Healthymagination
Cincinnati

Cincinnati Healthcare System Breakthroughs

When an entire healthcare system of payers, providers, patients, employers, nonprofits and governments works together, optimal health results.

  • Quality
  • Cost
  • Access

In Cincinnati, where GE has a major presence, communitywide actions have brought coordinated solutions across all segments of the healthcare system to help reduce costs, raise quality and increase access to healthcare in the city.

Cincinnati’s history of healthcare quality and cost challenges is similar to that of other U.S. cities. More than 12 percent of its population lacks health insurance, the mortality rate is higher than average and annual health spending increases have been averaging 8 percent.

But Cincinnati also has a long history of public-private collaboration. In early 2010, GE worked with community leaders and other local corporations to catalyze citywide, comprehensive approaches to reducing costs and improving quality of and access to care.

The results?

In the spring of 2010, none of the primary care practices in the region met the patient-centered medical home (PCMH) requirements of the National Committee for Quality Assurance. The Health Improvement Collaborative of Greater Cincinnati, with GE’s help, made the team-based, coordinated and preventive care features of PCMH practices a core part of its regional transformative efforts. Thanks to this work, more than 10 primary care practices met the PCMH requirements by the end of 2010; that number is projected to pass 100 by the end of 2011.

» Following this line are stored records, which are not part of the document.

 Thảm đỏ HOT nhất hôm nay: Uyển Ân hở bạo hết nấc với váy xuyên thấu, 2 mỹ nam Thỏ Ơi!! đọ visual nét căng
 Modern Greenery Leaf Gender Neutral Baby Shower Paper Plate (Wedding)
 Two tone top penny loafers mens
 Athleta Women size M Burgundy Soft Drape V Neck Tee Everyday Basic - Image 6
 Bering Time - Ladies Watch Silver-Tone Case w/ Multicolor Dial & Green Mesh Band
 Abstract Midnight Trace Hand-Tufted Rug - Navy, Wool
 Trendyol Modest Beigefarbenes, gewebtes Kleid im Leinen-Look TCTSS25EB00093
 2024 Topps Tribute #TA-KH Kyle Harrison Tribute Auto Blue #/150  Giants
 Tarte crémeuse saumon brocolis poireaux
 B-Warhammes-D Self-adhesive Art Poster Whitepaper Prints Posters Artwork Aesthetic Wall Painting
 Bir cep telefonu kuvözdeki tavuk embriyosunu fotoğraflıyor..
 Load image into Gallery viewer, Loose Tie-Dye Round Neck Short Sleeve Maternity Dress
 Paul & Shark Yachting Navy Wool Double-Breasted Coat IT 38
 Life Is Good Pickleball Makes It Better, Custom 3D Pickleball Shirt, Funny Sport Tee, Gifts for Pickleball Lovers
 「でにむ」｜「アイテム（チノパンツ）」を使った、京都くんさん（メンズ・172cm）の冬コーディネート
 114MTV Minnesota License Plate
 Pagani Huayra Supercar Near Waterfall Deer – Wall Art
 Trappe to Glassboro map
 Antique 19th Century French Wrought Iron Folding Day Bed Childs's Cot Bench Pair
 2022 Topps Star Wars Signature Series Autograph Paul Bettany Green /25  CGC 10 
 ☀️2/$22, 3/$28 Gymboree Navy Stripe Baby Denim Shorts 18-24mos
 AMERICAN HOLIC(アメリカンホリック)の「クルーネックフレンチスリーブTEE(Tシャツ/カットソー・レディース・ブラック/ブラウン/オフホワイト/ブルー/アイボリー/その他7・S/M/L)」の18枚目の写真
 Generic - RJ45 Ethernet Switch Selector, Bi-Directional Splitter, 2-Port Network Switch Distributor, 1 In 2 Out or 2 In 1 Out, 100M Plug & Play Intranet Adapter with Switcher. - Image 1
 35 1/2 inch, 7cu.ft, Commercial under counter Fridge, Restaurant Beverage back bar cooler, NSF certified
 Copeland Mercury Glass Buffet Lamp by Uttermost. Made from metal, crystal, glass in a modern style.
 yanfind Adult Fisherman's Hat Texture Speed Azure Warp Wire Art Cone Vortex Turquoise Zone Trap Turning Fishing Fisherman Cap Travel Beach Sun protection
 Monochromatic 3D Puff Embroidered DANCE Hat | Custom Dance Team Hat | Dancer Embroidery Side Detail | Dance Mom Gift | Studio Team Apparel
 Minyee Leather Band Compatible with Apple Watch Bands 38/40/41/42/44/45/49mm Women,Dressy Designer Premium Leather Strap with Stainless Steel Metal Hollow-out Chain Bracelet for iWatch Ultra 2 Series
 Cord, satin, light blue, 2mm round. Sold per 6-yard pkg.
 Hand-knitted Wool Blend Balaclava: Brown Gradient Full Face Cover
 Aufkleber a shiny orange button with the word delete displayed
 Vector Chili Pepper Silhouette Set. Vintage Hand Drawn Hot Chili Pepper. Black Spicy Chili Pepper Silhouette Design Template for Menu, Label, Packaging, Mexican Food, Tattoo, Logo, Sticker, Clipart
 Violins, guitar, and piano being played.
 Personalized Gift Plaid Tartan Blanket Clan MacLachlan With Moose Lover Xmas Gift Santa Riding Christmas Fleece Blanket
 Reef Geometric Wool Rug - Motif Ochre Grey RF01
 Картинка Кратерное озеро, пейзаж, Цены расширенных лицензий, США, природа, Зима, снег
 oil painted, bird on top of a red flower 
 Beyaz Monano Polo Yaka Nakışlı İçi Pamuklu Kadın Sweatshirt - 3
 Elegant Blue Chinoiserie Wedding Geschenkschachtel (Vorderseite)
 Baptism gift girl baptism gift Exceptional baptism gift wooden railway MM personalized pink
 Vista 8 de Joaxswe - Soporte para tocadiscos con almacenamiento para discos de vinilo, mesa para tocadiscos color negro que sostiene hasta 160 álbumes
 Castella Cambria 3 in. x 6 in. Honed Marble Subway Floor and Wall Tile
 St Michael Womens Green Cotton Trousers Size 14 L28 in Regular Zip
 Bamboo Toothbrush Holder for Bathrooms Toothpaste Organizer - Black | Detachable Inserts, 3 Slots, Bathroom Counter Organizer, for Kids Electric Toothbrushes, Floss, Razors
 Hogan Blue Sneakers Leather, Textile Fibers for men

Expanding access to healthcare information technology is the focus of HealthBridge—the community’s health information exchange. Thanks to a federal Beacon Community award, and a significant in-kind commitment by GE, HealthBridge is helping Cincinnati become a medically wired community, which will lead to higher quality and lower costs.

Several other grassroots projects are under way, such as the goVibrant campaign, which is making being healthy a community standard; We THRIVE, the county’s childhood obesity reduction program; and YourHealthMatters, a Web site reporting on how well local physicians meet five standardized measures of care for diabetics. GE is working to share best practices with these and other local programs, such as the Health Guide from Care Innovations—a new home health tool for GE Aviation employees and retirees and their spouses with type 2 diabetes. And now that substantial progress is being made in these areas, the community is turning its attention to payment innovation. This effort will not only catalyze the spread and sustainability of all of the community’s collaborative quality-improvement initiatives, but also contribute to reducing healthcare spending by more than $1 billion by 2014.